■ PROBLEM STATEMENT:
The answer should be an exact copy of the lines from the line with "this 600×283 image." through the last line of the entries, and no other lines.

■ SOURCE MATERIAL:
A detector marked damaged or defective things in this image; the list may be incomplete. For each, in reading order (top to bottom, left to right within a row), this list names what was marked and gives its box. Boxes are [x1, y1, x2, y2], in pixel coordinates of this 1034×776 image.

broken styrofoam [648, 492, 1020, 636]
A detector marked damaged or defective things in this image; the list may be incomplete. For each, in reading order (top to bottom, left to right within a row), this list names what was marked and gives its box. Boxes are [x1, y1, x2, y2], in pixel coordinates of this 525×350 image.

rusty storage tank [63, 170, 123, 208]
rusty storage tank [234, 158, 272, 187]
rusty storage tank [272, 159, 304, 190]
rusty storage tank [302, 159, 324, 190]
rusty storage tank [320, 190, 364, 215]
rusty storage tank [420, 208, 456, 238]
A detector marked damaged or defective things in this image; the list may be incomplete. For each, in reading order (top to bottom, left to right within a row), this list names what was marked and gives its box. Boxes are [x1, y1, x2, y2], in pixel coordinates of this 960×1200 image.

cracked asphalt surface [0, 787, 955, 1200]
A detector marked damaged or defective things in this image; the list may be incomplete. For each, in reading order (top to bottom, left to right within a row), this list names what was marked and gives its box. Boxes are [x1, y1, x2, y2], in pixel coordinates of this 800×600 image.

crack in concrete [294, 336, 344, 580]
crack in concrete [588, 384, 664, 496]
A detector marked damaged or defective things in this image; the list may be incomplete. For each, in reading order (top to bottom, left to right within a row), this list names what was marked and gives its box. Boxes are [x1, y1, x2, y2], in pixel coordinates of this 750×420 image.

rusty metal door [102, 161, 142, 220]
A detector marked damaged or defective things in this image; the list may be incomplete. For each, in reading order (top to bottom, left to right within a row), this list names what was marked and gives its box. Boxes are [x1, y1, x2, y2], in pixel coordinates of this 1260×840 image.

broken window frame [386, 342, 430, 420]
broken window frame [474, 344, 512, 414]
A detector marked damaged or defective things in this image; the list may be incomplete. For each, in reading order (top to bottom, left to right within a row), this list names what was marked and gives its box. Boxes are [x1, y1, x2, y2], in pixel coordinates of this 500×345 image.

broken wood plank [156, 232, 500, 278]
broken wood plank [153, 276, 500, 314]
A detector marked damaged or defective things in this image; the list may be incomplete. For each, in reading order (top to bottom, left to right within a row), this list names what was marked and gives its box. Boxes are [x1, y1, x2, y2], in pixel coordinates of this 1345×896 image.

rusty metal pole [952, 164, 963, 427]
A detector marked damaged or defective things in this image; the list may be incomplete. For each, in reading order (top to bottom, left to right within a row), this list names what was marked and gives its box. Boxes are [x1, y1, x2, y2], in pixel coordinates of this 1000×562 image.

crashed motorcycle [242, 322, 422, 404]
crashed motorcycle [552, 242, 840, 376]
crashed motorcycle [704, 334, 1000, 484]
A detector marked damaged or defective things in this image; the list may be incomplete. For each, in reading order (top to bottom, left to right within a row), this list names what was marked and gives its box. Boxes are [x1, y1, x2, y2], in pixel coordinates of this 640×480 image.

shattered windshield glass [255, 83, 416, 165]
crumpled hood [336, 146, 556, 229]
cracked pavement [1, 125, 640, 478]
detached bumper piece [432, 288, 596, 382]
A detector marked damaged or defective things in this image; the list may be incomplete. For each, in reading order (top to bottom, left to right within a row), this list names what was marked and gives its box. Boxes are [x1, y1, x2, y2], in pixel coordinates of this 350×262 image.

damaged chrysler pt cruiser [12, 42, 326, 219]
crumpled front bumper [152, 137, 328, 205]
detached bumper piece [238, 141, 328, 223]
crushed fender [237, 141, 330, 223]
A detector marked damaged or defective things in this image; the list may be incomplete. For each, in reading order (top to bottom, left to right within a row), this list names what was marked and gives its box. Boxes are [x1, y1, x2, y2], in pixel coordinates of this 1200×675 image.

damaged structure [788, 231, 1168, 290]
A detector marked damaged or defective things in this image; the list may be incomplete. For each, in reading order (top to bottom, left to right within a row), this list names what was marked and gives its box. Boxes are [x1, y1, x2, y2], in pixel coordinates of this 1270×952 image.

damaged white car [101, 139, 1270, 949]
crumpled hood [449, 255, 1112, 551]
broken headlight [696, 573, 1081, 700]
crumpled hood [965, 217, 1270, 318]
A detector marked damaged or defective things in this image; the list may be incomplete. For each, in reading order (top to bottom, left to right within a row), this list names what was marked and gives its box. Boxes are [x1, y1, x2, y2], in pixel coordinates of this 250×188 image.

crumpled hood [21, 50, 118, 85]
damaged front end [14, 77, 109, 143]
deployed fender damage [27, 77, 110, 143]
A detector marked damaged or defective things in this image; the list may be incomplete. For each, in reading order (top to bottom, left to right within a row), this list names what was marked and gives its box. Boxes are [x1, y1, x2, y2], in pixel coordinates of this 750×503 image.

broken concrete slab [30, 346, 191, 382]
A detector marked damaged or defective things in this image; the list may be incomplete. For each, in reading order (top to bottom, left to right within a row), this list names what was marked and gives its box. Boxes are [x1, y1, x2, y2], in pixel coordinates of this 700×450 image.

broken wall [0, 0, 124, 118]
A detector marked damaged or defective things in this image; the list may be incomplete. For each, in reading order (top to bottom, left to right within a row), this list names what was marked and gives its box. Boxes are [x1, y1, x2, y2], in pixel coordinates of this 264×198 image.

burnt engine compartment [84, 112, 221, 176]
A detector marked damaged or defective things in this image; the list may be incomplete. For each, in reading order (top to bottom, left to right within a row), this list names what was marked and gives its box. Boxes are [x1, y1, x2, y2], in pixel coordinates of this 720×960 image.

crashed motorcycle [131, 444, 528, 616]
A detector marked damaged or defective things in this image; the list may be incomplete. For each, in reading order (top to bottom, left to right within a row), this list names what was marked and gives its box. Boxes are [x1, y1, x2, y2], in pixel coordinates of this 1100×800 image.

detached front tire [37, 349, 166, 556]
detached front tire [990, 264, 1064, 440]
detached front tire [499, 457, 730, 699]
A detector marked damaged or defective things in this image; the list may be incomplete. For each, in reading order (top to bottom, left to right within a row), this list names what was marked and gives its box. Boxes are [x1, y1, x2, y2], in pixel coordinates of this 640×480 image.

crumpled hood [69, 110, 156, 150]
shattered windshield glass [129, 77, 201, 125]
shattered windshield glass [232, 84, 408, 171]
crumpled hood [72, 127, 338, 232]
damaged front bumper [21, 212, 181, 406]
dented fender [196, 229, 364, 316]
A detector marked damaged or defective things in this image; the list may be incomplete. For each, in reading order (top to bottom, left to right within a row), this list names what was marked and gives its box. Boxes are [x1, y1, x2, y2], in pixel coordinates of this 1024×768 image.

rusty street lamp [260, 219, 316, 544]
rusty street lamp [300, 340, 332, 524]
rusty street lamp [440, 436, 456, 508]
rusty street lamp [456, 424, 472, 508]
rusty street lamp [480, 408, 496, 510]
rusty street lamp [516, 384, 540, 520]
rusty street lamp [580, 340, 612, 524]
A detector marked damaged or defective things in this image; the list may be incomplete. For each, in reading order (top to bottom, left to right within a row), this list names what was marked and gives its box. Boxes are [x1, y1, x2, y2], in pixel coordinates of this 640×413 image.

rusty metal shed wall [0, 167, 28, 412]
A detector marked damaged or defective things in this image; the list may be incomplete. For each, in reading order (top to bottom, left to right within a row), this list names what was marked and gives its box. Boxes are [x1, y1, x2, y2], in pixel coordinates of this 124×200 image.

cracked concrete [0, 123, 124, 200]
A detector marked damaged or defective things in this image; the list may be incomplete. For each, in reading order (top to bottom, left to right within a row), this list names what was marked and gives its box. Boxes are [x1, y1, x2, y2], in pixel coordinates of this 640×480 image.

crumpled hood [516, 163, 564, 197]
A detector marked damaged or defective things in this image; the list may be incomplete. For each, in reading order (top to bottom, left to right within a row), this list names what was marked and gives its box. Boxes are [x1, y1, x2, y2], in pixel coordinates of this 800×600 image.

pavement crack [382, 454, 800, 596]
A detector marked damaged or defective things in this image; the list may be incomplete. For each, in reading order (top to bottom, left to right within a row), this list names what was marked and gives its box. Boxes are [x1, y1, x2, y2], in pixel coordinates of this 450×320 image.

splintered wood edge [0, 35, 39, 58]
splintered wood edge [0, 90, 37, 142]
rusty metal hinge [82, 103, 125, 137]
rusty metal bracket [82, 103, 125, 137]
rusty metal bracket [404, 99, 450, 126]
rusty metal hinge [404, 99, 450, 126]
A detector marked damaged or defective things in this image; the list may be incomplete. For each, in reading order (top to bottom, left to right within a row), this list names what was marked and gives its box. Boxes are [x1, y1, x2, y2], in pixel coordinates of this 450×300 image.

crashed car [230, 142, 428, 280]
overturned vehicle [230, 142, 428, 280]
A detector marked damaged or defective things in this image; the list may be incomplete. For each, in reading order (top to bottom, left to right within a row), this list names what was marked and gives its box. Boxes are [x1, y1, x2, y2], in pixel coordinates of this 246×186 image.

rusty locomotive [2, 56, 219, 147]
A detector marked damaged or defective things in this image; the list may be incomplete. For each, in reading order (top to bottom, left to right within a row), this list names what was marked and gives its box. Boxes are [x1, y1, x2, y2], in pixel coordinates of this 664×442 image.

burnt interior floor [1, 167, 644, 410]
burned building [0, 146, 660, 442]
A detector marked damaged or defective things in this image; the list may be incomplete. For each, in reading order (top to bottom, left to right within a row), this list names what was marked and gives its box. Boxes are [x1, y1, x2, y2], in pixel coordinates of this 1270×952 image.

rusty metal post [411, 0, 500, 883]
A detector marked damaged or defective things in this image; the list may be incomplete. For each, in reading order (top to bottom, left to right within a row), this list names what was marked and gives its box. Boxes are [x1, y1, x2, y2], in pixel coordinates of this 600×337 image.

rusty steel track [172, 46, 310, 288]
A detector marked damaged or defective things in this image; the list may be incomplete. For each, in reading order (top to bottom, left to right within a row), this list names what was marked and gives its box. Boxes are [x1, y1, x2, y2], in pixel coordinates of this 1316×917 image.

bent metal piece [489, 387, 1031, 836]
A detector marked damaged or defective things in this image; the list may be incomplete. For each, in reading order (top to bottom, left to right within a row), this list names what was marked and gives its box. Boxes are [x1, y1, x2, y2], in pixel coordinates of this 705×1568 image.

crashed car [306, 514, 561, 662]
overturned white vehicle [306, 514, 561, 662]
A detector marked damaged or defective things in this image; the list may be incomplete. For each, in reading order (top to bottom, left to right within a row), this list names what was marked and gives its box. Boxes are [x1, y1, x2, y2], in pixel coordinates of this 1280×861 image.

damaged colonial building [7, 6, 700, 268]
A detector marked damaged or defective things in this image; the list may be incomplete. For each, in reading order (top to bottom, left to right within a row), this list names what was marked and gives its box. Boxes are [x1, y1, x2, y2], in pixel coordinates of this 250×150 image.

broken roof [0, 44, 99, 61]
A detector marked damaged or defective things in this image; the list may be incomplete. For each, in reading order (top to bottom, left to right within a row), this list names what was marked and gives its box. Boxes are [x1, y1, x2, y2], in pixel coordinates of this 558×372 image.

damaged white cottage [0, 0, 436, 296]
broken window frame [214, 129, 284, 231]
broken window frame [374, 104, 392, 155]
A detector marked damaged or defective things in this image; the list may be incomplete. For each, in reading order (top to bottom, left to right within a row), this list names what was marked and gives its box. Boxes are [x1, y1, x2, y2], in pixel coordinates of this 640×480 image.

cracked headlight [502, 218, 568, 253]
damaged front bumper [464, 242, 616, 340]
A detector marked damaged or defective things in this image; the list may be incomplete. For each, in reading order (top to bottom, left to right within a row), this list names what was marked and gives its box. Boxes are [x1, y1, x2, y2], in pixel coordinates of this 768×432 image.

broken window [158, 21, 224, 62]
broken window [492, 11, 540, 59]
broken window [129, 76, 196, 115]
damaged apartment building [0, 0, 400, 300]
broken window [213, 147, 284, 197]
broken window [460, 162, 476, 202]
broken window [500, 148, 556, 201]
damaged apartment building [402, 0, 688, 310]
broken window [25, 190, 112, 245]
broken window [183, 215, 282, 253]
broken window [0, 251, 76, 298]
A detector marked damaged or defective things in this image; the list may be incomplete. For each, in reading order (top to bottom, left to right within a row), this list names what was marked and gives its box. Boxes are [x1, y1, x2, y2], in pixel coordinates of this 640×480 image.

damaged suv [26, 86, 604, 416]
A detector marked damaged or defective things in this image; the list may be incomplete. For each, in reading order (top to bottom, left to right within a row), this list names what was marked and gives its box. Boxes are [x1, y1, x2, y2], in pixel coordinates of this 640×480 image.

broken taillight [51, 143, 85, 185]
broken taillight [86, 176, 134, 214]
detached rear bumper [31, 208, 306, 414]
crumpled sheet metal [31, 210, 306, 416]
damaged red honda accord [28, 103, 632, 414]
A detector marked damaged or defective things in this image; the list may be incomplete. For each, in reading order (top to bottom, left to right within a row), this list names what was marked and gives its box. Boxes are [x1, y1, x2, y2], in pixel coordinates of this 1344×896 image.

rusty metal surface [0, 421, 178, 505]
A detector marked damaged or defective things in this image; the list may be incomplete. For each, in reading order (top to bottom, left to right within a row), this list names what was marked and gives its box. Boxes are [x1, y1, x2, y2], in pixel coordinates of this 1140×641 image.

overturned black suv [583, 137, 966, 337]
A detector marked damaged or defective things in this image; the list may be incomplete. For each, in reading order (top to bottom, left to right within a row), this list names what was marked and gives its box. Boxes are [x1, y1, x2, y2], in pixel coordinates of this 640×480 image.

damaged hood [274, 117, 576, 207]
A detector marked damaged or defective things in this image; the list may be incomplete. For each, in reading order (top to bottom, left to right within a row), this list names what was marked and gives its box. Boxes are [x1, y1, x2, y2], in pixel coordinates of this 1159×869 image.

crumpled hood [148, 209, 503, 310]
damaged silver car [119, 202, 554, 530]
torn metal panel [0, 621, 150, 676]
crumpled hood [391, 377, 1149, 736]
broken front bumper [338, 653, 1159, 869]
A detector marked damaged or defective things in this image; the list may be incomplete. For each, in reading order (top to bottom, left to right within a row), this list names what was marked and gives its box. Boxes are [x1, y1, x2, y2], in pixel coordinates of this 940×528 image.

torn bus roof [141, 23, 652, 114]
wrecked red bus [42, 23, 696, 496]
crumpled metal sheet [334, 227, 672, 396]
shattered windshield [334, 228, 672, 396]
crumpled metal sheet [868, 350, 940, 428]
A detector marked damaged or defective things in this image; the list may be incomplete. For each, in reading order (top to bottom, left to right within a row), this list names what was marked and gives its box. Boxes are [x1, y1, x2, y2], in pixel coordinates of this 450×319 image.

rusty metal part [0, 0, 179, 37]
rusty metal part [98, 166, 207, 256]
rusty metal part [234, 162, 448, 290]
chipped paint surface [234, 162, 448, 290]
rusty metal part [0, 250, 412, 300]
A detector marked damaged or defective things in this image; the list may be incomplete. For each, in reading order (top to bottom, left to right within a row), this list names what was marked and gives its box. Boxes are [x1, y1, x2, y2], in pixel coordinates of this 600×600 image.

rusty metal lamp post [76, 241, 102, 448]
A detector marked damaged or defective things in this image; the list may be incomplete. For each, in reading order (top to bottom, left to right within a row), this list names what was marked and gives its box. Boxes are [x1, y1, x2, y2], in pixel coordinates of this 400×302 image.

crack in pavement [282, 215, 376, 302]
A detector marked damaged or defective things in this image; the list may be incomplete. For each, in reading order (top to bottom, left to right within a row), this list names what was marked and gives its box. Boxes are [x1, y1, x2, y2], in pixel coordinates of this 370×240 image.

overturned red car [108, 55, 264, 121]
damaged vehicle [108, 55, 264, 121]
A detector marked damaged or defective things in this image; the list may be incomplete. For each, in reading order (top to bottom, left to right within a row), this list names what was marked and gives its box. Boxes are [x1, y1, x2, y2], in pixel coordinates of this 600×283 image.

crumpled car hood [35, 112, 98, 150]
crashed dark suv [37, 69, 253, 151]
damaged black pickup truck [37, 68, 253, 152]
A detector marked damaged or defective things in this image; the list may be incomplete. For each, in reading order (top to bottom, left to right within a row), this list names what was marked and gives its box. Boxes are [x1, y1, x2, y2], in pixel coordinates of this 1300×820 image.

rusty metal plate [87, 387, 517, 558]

■ SOLUTION BELOW:
A detector marked damaged or defective things in this image; the list may be incomplete. For each, in reading order (top to bottom, left to right within a row), this list names what was marked and gives its box. Boxes are [x1, y1, x2, y2], in pixel coordinates of this 600×283 image.

crumpled car hood [35, 112, 98, 150]
crashed dark suv [37, 69, 253, 151]
damaged black pickup truck [37, 68, 253, 152]
A detector marked damaged or defective things in this image; the list may be incomplete. For each, in reading order (top to bottom, left to right within a row), this list names what was marked and gives its box. Boxes are [x1, y1, x2, y2], in pixel coordinates of this 1300×820 image.

rusty metal plate [87, 387, 517, 558]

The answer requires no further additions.